Semi-DPO: Learning from Noisy Preferences via Semi-Supervised DPO
TL;DR
Binary preference labels for images hide multi-dimensional quality tradeoffs — an image can win on aesthetics but lose on semantic alignment, yet is labeled simply "winner." This creates contradictory gradient signals. Semi-DPO treats conflicting pairs as noisy unlabeled data: train on clean consensus pairs first, then use that model to generate pseudo-labels for the conflicting pairs, iterate.
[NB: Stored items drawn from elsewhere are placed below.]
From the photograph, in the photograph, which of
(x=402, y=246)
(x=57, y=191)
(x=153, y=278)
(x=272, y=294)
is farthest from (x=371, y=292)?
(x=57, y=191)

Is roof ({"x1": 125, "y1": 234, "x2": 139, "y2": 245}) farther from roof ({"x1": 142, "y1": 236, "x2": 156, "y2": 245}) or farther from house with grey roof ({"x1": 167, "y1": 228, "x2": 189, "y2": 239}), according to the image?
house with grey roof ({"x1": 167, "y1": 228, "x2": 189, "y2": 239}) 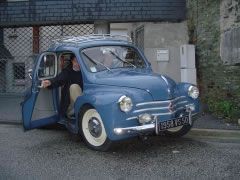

No extra annotation, no explicit reward model.
Key findings
- Multi-dimensional preferences (aesthetics, detail, semantic alignment) collapsed to binary labels introduce conflicting gradients into DPO training.
- Semi-DPO separates pairs into "clean" (consistent across dimensions) and "noisy" (conflicting).
- Train on clean subset first → pseudo-label noisy pairs → iterate refinement.
- Significant improvement in aligning with complex human preferences vs standard DPO.
- No additional annotation or explicit reward models required.
Relation to prior wiki knowledge
N-of-2 with ViPO (same day) — 2026-05-02-vipo-visual-preference-optimization.md. Same diagnosis, different treatment. ViPO solves by collecting better data; Semi-DPO solves by cleaning noisy data. Together they confirm the conflicting-label problem is a known gap now being attacked from both ends simultaneously.